Measured across four client storefronts over 90 days post-deployment, compared against 90-day pre-deployment baselines. All conversion and session data segmented by IEX-engaged vs. non-engaged visitor cohorts.
Conversion Rate
+27%
Average lift across IEX-enabled storefronts within 60 days. Highest single-client lift: +41% in month two.
Cart Abandonment
-34%
Reduction in mid-funnel abandonment on pages where IEX was engaged vs. pages without active widget interaction.
Session Duration
+52%
Reason this metric is relevant or meaning (3) Confusion-related tickets dropped within 3 weeks. PM and engineering freed from support load.
CTA Click-Through
29%
Of users who opened the widget clicked at least one navigation CTA — up from 11% with earlier offer-based button copy.
Chat Engagement
+63%
Increase in live chat initiation via IEX vs. standalone chat widget — context handoff eliminated cold-start friction.
Widget Open Rate
31%
Of visitors who saw the bubble opened the full widget — a strong voluntary engagement rate for a consent-first interaction model.
Client Retention
100%
Every client who deployed IEX renewed their agency contract for a second year.
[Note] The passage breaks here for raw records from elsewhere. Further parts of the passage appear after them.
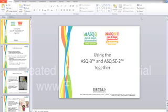Thanks for joining us today for our webinar. We're excited to have you with us. My name is Amy Klaus, and I'm the Marketing Manager for Early Childhood Assessment Tools here at Brooks Publishing.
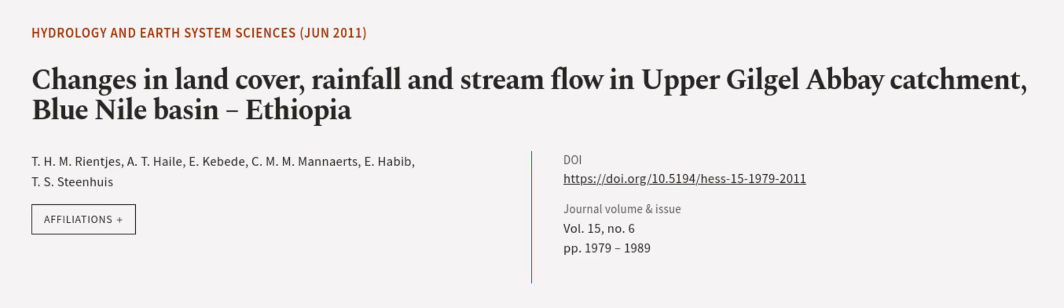This article was authored by T. H. M. Rienges, A. T. Hiley, E. Kabetta, and others. We are Article.tv, links in the description below.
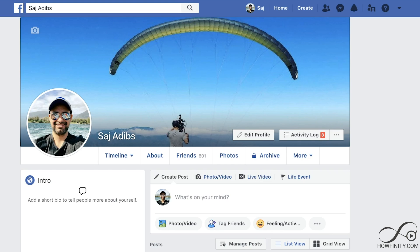Hey everyone! In this video, I wanted to show you how to make your Facebook account and profile completely private. There are multiple steps that you need to take to make sure it's completely private, and I'll show you all of them in this video. If it's your first time here, I make easy-to-follow social media and tech videos every single day, so please consider subscribing.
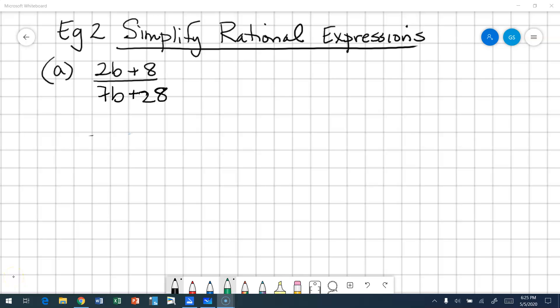Example two: simplify rational expressions. I've got a rational expression and I'm first going to look to see if I can factor my numerator and my denominator.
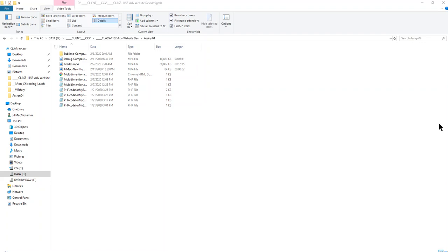Hi class, this is Jill Mack and I'm going over debugging using the compare feature, and this time we're doing it in Sublime Text.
Zero IEX-related churn.
Implementation Time
5 Days
Average new client deployment time, down from an estimated 3-week custom-build timeline prior to the Configuration Playbook.
— LEARNINGS & REFLECTION
What I’d do differently.
IEX worked well. These are the four things I'd change in version two — some are design refinements, one is a strategic mistake I made early that cost us two months of rework.
01
I designed for desktop first and had to reverse-engineer mobile later
My early prototypes were built around desktop proportions — a decision I made because our initial client presentations happened on desktop screens. But the majority of e-commerce browsing was happening on mobile, and the vertical video format that felt native on mobile had to be significantly adapted from desktop designs. If I rebuilt IEX today, I'd design mobile-first from day one — the widget would have been more coherent and the development handoff would have been cleaner.
02
The video content system needed a refresh protocol from the start
At launch, clients produced an initial set of spokesperson videos and deployed them. By month three, those videos were stale — seasonal references were wrong, product mentions were outdated, and the energy of the initial shoot had faded from the content. I hadn't designed a video refresh cadence into the product. Version two would include a built-in 60-day content audit trigger and templated re-shoot briefs so the widget never goes stale without the client noticing.
03
Branching video paths were underused — clients needed more guidance on content strategy
The system supported multi-path video branching — different videos triggered by different CTA selections, creating a personalized journey based on what the customer clicked. In practice, most clients used only linear single-video deployments because they didn't know how to storyboard a branching path. The design was right; the onboarding didn't teach it well enough. I'd add a Branching Playbook and a few pre-built branching templates to lower the entry point.
04
I should have built analytics into the product spec from day one, not as an afterthought
Tracking widget opens, CTA clicks, and session correlations required a separate analytics integration effort for each client — one I hadn't scoped into the original design. The result was a 3-week delay in getting clean performance data after each deployment, which slowed optimization cycles significantly. In version two, a lightweight built-in analytics layer with a simple dashboard would be a first-class feature, not a bolt-on.